The LAN 2 switch will handle the traffic between the TV cameras and your video service. All your router will have to do is provide DHCP services to devices connected to either LAN 1 or LAN 2. It will also connect devices on both LANs to the Internet.

Traffic on LAN 2 will have no impact on download or upload speeds unless some device on LAN 2 needs a connection to the WWW.
 
Plugging the 2nd LAN into the router will not work, as the router likely only supports one LAN IP address.

You can do exactly what you would like to do with a basic Pfsense router setup, as you can define separate interfaces with their own IP addresses, set up routing rules between them, and create DHCP servers for each as required. We do exactly that with multiple LANS. We also use traffic limiters to ensure priority on the LANs with respect to web traffic.

You could just use the same subnet for all of your devices, but use VLANs to separate them, assuming your switches are VLAN aware.

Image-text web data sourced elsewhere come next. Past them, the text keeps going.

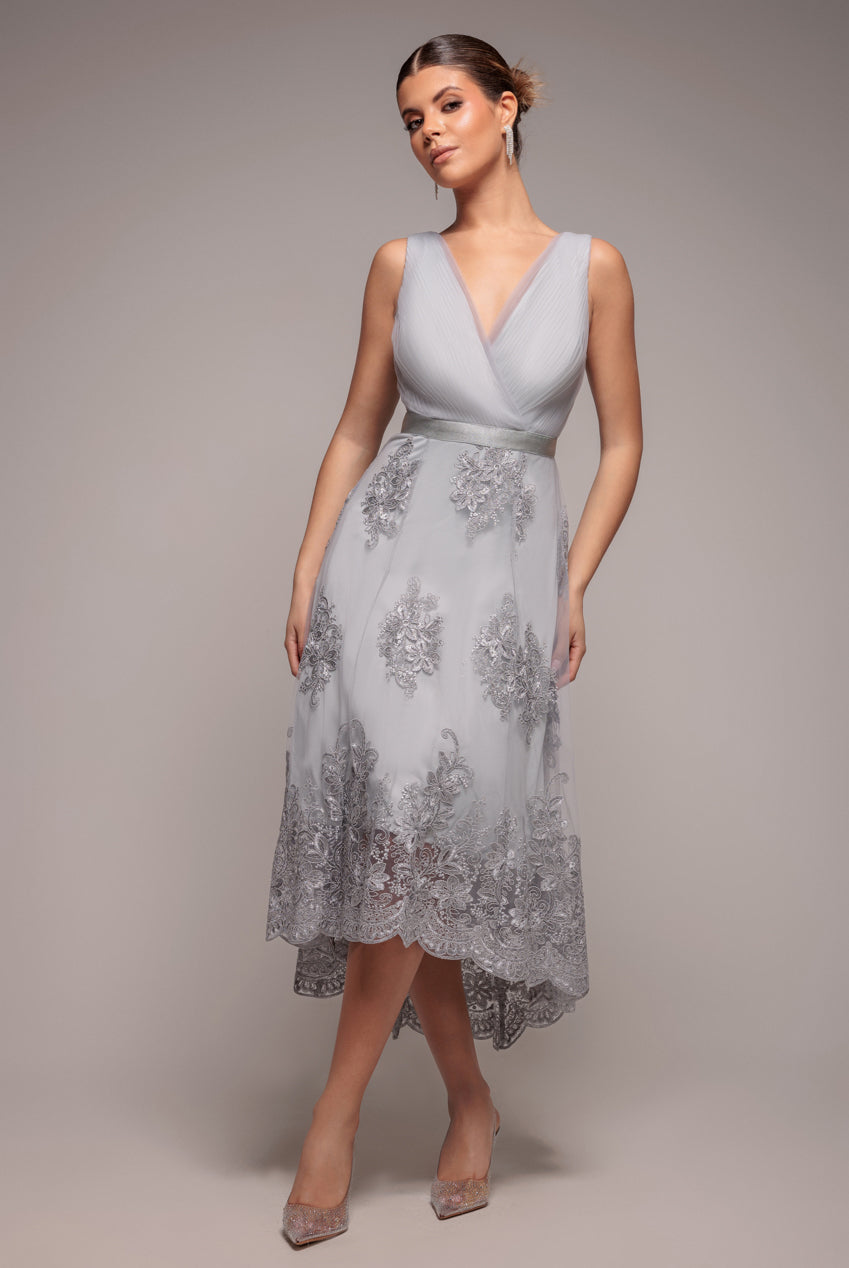 Goddiva Pleated Satin Bodice High And Low Dress - Gray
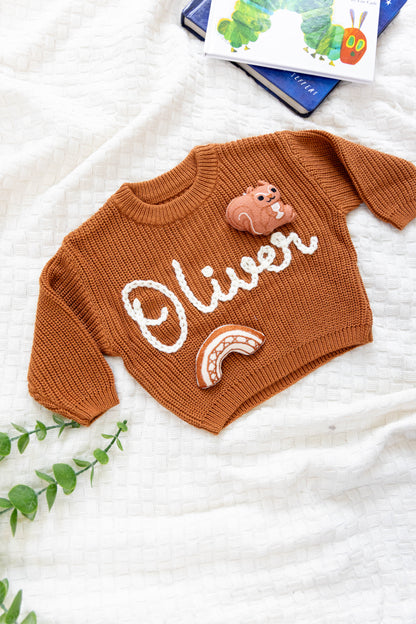 Rust Custom Sweater for Baby, Hand Embroidered with Stuffed Patches, 100% Cotton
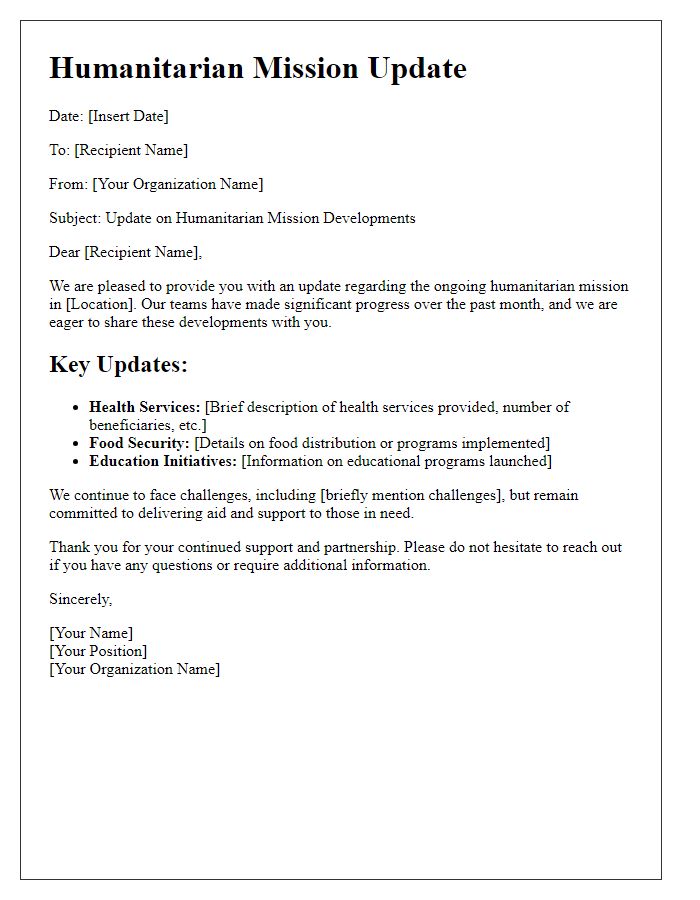 Letter template of humanitarian mission developments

If it was my network, I would just use the same subnet for all devices, and connect your two switches to the router. Your switches, and router switch store MAC address tables so they know where packets should be routed. I would not expect much traffic between your switches on the same subnet..that's why we use switches these days :)
 
I'm not sure the OP needs two WAN IPs. Based on his network description he just wants to prevent the video feeds from his cameras from clogging up his Internet/data flows. This can be accomplished by doing what I suggested if both LANs are at the same physical location. Data on LAN 1 switch, Video on LAN 2 switch.

Probably could get by with just a single switch if it had enough ports and the switch was gigabyte capable.
 
I need to connect a computer sitting in second LAN (192.168.2.X) to the Internet. My primary Network is using a Netgear Router R6300 (192.168.1.1). My ISP is COMCAST.

Thanks in advance


You need two VLANs on two different router ports to connect your switches to.

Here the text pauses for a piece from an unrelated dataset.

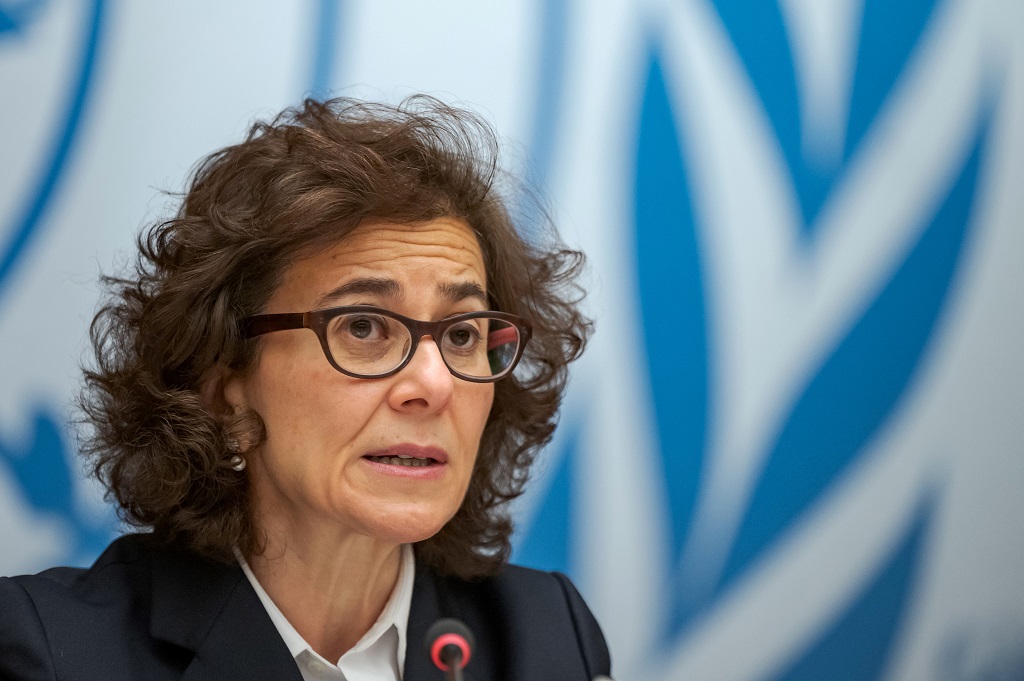 نائبة المفوّضة السامية لحقوق الإنسان ندى يوسف الناشف التي ستتولى المنصب خلفا لميشيل باشليه مؤقتا (تصوير: أ ف ب)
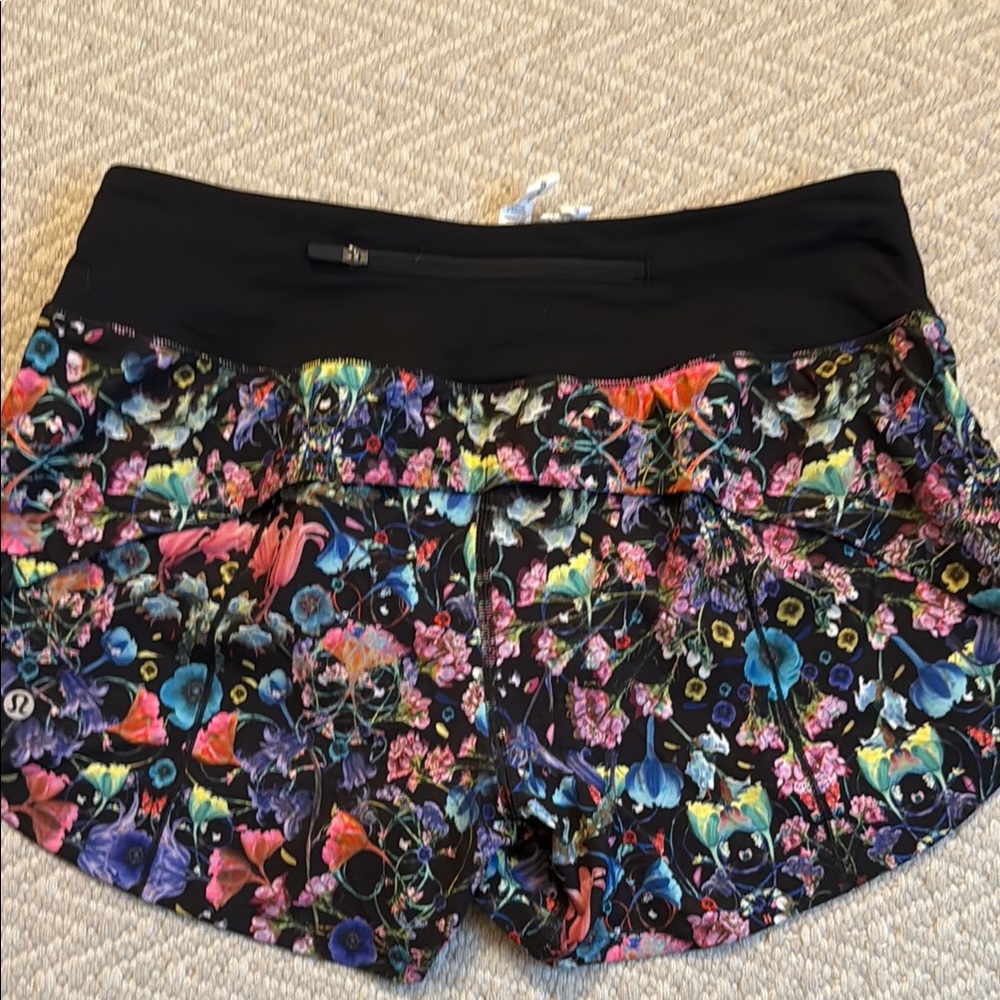 Lululemon Floral Women's running Shorts, size 8.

DD-WRT can do this, not sure if 6300 is supported by it though.
 
If he moves all devices to the same subnet, with VLAN, only one router port is required if configured correctly.

With two switches/subnets, Pfsense is the cost effective way to route the two ports if it is necessary to keep the subnets separate.

Depending on the OS running on the monitoring workstation or NVR recording box(if it's running 24-7) , you could also just add a cheap NIC and bridge the connections. So your NVR box becomes the default gateway on that subnet. http://windows.microsoft.com/en-us/windows/create-network-bridge#1TC=windows-7
 
VLANs are the way to go...or honestly, looking at it, just live together.

Unless there is ridiculous multicasting going on here, the IP cameras are only going to be clogging the specific routes that they are on, IE to that NVR. Just make sure whatever ports/hardware it is moving through isn't a shared resource.

However, even if all on the same switch, with no VLANs, unless there is multicasting going on...if IP camera 1 is on port 1 and the NVR is on port 2 of the switch, the only traffic will be from port 1 to port 2. Nothing else on the switch is going to be bogged down at all as none of the other ports are going to be used (again, unless multicasting, which if you are, you need a switch that handles multicasting properly to limit participant ports to only legitimate recipients).

VLANs can also do what you want by limiting the ports to access only the ports you want them too...but I don't really see the need here.